**Required work**
The expected copy holds every entry exactly and none of the pictures.

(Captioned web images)

◆ ◆ ◆ ◆ ◆

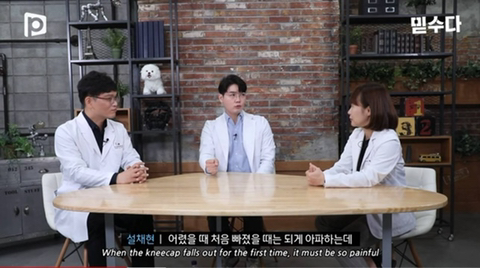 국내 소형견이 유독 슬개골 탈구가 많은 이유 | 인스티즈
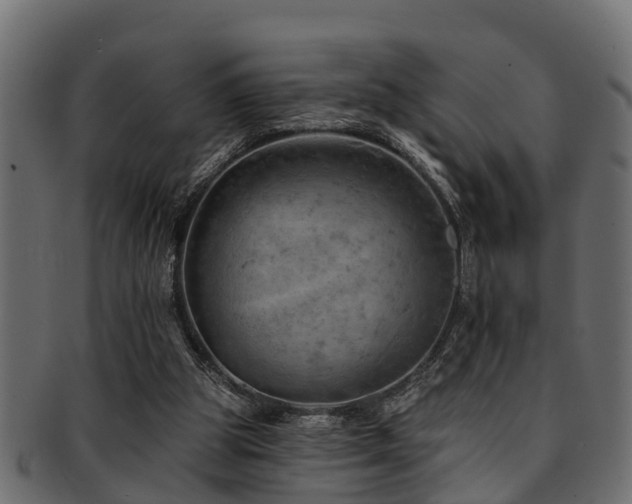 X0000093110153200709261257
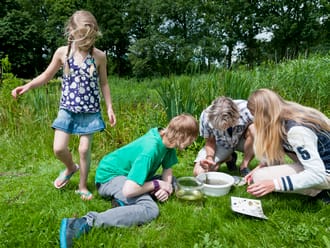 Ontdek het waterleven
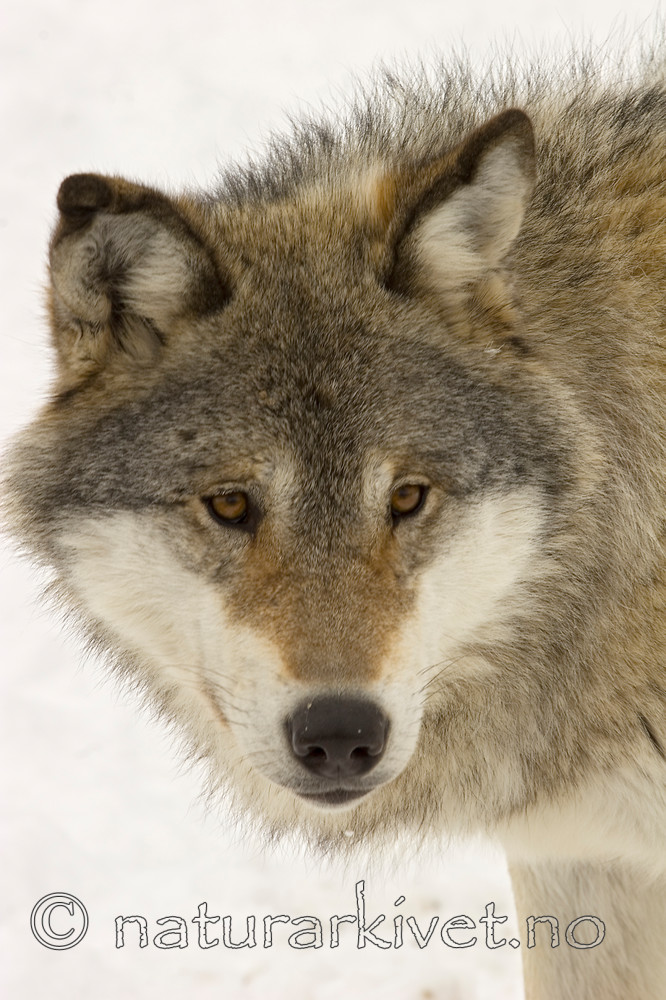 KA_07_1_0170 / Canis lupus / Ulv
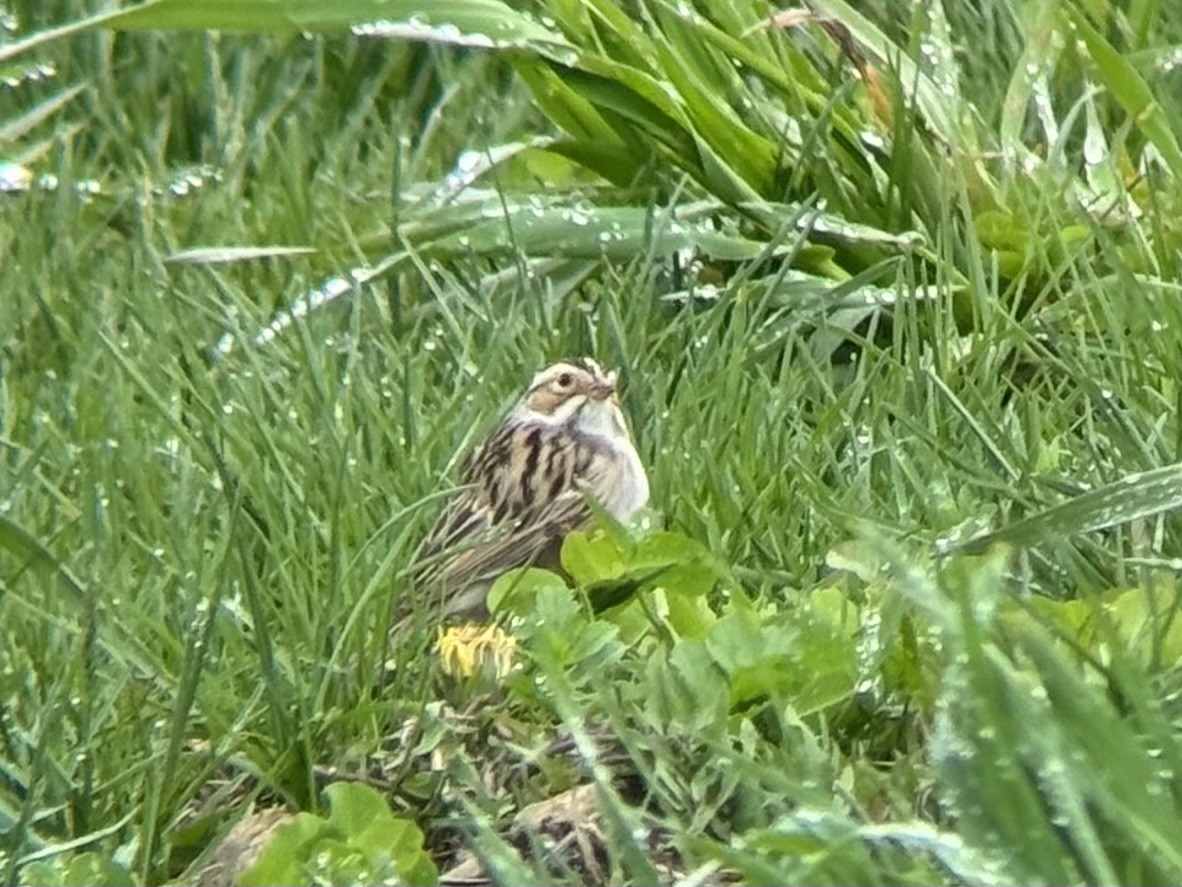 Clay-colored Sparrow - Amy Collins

◆ ◆ ◆ ◆ ◆

**Response area**
 국내 소형견이 유독 슬개골 탈구가 많은 이유 | 인스티즈
 X0000093110153200709261257
 Ontdek het waterleven
 KA_07_1_0170 / Canis lupus / Ulv
 Clay-colored Sparrow - Amy Collins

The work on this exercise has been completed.